Friday, July 27, 2018

A Slow Day

July 27, 2018

It’s been quiet down on the farm today. After our writer’s group at the library, a choice lay before me: paint the house or mow the lawn. Since the lawn was getting deep and rain is forecast for the next couple days, the paint job will have to wait for another day. Mowing is pretty ordinary stuff; back and forth over the same ground, again and again, making progress a row at a time. It’s not glamorous, and at the end of the day, though I can survey the finished product with satisfaction, I know that next week, it’s going to need it all over again. It’s a lot Ike preaching—back and forth over the same ground, tiny steps of progress till it all needs to be done again the following week.

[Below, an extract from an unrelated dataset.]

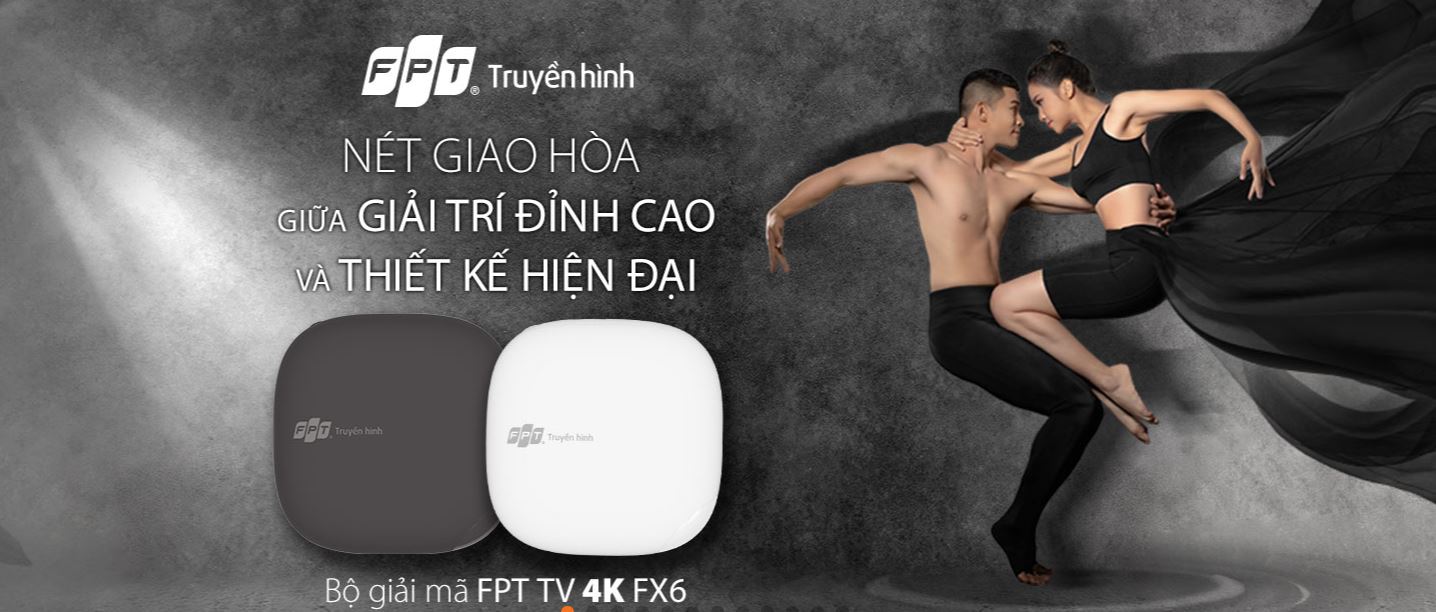 cáp quang và truyền hình FPT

Contrary to what people see on TV, preaching is rarely glamorous, with only occasional breakthroughs. Isaiah stated it well: “precept upon precept, line upon line; here a little, there a little” (28:10 & 13).

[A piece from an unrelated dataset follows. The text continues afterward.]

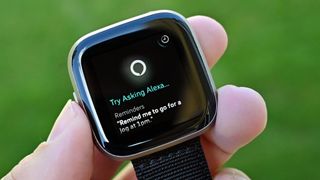 Amazon Alexa on Fitbit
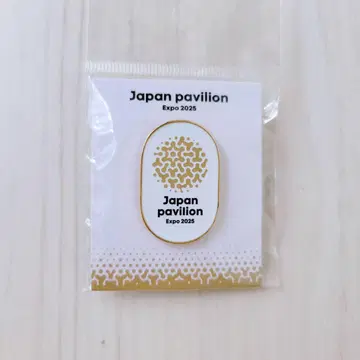 오사카 간사이 만박 일본관 핀즈 핀 배지 공식 로고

Thankfulness isn’t measured only in great strides, miracles, and extraordinary events. If we had to wait for them, even the most grace-filled and spiritually perceptive would find themselves in gratitude deserts. A slower day spent in pretty mindless activity isn’t a bad thing. There are plenty of people who live in chaos, terror, or pain, wishing for the blessing of a nondescript day. I had one, with the added blessing of my wife coming home from a six-hour trip without incident. She slumbers beside me as I write; my bed and my heart are full.